O principal problema das instalações era a falta de ar condicionado, superado agora. João Sattamini, que ameaçava suspender o empréstimo do acervo – trabalhos de Waltercio Caldas, Lygia Pape, Cildo Meireles, Iberê Camargo, Jorge Guinle e Ivan Serpa, entre 1.250 obras – por medo de expô-lo às más condições do museu e de sua reserva técnica, diz estar satisfeito.
“Eu vinha reclamando porque a prefeitura não estava conservando o museu, que é um bem público e que fica à beira-mar, sofrendo um processo de oxidação contínuo. Estava preocupado com a integridade das obras. Renovei o contrato por mais cinco anos e estou contente”, afirmou o colecionador, que não considera a visitação baixa. O Museu de Arte Moderna (MAM), no Rio, já bateu recordes de mais de 60 mil visitantes por mês quando montou mostras de grande apelo popular, como a do escultor australiano Ron Mueck, em 2014.
“A frequência é boa. De todos os visitantes do Louvre, 10% vão por motivos artísticos. Os demais querem ver a Mona Lisa e tirar foto.” O conjunto de Sattamini é considerado par, em termos de relevância, ao de Gilberto Chateaubriand, desde 1993 no MAM (6.500 obras de arte brasileira moderna e contemporânea).
A principal exposição da reabertura traz um recorte interessante da coleção. Ephemera: Diálogos Entre-Vistas propõe conversa entre obras de nomes fundadores da arte contemporânea nacional, como Lygia Clark, Antonio Dias, Nelson Leirner, Anna Bella Geiger e Rubens Gerchman, e os artistas convidados Ricardo Bausbam, Daniel Leão e Daniela Mattos.
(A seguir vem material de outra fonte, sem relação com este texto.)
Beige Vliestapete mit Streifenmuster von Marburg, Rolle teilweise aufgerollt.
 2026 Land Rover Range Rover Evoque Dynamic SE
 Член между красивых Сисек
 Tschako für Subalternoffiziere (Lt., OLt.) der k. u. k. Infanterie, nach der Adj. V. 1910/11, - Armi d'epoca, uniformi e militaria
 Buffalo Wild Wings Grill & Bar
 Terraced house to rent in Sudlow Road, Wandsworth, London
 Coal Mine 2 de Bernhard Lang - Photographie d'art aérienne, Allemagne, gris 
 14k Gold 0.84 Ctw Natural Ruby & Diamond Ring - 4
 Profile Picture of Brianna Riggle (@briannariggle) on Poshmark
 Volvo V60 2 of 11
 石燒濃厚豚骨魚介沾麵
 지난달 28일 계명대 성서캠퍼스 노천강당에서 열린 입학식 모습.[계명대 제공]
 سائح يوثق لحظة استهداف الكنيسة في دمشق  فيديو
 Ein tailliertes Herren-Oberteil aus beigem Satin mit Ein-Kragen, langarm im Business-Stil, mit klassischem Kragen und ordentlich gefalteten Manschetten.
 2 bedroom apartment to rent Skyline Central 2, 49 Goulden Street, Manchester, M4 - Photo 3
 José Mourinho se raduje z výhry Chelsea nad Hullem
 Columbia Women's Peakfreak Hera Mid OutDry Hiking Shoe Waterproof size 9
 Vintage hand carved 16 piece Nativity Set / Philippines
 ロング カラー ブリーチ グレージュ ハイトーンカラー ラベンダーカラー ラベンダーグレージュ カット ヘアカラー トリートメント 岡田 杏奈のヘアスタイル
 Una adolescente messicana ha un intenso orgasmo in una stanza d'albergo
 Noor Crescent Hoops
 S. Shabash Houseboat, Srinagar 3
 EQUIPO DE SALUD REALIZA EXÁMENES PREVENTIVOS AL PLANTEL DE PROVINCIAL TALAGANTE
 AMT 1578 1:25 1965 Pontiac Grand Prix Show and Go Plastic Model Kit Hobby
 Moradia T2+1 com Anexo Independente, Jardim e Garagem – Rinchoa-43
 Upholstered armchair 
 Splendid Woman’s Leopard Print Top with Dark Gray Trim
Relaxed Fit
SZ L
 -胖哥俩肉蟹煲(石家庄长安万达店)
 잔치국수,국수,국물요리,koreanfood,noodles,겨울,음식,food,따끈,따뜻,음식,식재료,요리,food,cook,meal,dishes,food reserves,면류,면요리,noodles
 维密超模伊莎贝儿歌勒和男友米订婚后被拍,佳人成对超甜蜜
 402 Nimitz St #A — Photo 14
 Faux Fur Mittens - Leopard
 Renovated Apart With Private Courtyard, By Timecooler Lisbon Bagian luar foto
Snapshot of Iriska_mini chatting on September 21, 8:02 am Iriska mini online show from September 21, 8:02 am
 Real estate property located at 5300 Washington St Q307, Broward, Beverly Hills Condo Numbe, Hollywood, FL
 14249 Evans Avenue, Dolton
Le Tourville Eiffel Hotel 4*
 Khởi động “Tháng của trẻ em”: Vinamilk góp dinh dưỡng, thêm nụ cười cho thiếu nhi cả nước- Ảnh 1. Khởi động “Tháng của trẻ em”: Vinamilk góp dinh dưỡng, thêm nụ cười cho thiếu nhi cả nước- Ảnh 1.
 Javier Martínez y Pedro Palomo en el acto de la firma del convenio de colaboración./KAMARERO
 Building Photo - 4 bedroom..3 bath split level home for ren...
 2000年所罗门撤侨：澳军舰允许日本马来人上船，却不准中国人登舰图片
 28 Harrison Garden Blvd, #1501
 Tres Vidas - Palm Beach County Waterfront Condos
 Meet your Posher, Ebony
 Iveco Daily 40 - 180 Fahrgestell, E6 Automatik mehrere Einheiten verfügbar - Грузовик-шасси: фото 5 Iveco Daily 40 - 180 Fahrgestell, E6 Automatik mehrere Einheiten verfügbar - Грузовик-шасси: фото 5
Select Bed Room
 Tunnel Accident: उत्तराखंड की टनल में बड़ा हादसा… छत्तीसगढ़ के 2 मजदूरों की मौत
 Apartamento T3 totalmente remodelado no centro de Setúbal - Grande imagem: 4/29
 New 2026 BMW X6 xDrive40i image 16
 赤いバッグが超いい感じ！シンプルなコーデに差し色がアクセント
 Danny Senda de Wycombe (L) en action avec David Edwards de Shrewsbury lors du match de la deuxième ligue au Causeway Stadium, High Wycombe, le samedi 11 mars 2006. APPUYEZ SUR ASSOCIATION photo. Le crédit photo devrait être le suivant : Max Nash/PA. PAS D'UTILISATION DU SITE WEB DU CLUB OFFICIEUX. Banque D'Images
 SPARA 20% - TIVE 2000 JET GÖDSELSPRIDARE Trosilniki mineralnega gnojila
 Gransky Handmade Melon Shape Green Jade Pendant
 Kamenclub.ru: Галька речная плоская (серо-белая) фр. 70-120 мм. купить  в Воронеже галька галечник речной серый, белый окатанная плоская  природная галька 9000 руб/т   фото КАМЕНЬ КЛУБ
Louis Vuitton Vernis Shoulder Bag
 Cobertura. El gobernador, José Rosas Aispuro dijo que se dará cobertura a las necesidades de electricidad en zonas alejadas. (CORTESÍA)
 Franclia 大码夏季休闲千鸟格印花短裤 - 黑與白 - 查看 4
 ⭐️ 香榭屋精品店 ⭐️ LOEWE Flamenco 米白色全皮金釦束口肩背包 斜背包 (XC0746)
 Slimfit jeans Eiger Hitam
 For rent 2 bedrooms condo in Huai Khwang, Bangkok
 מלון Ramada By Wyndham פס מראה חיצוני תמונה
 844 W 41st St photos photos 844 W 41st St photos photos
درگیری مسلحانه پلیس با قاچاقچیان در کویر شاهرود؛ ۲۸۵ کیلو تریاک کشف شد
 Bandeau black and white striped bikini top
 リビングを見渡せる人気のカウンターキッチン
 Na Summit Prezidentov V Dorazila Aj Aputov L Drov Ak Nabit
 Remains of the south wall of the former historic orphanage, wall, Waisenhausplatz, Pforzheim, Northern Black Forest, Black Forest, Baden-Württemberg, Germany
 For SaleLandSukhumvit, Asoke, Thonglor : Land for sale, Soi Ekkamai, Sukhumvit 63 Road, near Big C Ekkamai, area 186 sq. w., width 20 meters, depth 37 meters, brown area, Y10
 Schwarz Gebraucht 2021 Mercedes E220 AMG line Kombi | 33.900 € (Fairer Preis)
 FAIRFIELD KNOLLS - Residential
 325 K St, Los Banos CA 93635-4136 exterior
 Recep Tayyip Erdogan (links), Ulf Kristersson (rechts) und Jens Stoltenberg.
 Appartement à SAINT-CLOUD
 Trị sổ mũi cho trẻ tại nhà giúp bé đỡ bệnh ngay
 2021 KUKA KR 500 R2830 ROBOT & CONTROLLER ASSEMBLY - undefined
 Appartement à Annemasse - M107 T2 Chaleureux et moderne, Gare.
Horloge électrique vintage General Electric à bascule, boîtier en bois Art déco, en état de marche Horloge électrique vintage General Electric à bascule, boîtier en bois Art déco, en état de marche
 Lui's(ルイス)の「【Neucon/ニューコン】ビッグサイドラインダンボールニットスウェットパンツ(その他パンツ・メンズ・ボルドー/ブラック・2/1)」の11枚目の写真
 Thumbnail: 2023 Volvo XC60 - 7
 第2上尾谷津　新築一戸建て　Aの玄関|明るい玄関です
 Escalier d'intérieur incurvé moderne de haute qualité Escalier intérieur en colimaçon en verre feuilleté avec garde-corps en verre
Ao centro do salão do primeiro andar, Cicloheratprototempletuntun, instalação interativa de Ernesto Neto de 2010, recoberta por espuma vermelha, concentra os olhares num primeiro momento. Na varanda, disputando a atenção dos visitantes com a vista, estão obras escolhidas pela curadora norueguesa Selene Wendt para a mostra A Arte de Contar Histórias, inspiradas na literatura latino-americana. “O MAC agora está com o padrão de um museu internacional”, afirmou André Diniz, presidente da Fundação de Arte de Niterói, da prefeitura. Ele agora busca recursos para a construção de nova reserva técnica.
O museu nasceu de um acordo, no início dos anos 1990, entre Sattamini, Niemeyer e o então prefeito Jorge Roberto Silveira. O primeiro emprestou as obras. O segundo fez de graça o projeto, desenhado numa mesa de restaurante durante refeição com o terceiro. O governo municipal construiu o museu.
O arquiteto criou sua “galeria aberta para o mar”, erguida sobre “uma linha que nasce do chão e sem interrupção cresce e se desdobra, sensual” (palavras suas sobre o projeto, que lhe era caro) sem temer que a paisagem rivalizasse com o conteúdo exposto. “É um museu redondo, diferente de qualquer outro lugar no Brasil. A arquitetura traz a visibilidade; nosso desafio é a construção de afetos e sentidos constante”, disse Vergara.
Niterói passou a ser a cidade, fora Brasília, a concentrar o maior número de obras do arquiteto. Desde o MAC, Niemeyer projetou edificações que, construídas, se tornaram ambém marcos da cidade, como o Teatro Popular e a estação de catamarãs entre a cidade e a Praça XV, no Rio.